Frederick J. Bacon


Frederick J. Bacon was a late 19th to mid 20th century performer and recording artist on the five string banjo. He was also an inventor and entrepreneur, educator, composer, and designer and manufacturer of banjos.
At the height of his performance career he played the banjo nationally. Along with Fred Van Eps and Vess Ossman he was part of a group of banjoists labeled "virtuoso" in the newspapers. He founded the F.J Bacon Co., possibly as early as 1902, after having invented a new resonator for open-back banjos.. It wasn’t until 1908 that Bacon came up with Bacon Mfg. & Publishing Co. to sell his banjos and music compositions. During the Big Five tour Bacon became Bacon Mfg. Co in 1911 from Forestdale and incorporated Bacon Mfg. Co. in 1912. In 1918 from New London he called himself Bacon Banjo Mfg. Co. around 1918, and formally the Bacon Banjo Co. Inc in 1920 with E.O Winship and wives. In 1922 his company gained business experience in David L. Day, formerly of Vega. Together they produced Bacon and Day banjos, some of which have been considered worthy of display in museums, as showpieces of artistic impulse from the Jazz Age. Frederick and his wife Cassie were proponents of the ''classic banjo style of playing banjo, in which the strings are plucked with the fingers, without picks.

Musicianship

Across his career, Fred J. Bacon played a variety of musical styles on the five-string banjo and snare drum.

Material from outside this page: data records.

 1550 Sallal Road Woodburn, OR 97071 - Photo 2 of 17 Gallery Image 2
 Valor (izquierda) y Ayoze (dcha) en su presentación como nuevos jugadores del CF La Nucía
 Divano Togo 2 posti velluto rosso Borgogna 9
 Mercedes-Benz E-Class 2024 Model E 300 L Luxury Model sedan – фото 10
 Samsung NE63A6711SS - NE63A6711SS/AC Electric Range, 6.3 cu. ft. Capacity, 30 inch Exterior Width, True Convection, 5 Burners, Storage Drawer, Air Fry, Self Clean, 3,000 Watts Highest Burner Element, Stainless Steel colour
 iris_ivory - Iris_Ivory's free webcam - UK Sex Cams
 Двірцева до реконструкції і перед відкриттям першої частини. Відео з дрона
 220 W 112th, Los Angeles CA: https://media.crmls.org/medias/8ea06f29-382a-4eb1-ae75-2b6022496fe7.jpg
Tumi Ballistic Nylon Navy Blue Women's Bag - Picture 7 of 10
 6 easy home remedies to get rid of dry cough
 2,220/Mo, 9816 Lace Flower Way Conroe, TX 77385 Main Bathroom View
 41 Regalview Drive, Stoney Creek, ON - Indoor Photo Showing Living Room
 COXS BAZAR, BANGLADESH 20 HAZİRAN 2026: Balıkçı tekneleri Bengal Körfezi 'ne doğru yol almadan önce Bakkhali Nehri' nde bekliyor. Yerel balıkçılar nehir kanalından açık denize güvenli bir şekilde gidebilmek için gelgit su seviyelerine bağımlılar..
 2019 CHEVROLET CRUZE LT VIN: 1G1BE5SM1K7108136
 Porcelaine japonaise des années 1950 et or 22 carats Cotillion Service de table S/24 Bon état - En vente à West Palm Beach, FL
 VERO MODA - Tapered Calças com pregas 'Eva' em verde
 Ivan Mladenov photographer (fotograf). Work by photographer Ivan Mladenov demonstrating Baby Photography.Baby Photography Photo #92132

His performances included his own compositions such as The Fascinator and The Conqueror march, classical compositions such as Minuette a l'Antique by Paderewski, and arrangements of folk music or minstrel songs, including Massa's in the Cold, Cold Ground. Known mainly as a banjo player, he also continued to bring his drum on stage throughout his career, doing drum solos, and in 1936 advertised as a teacher of banjo, guitar, drums and violin.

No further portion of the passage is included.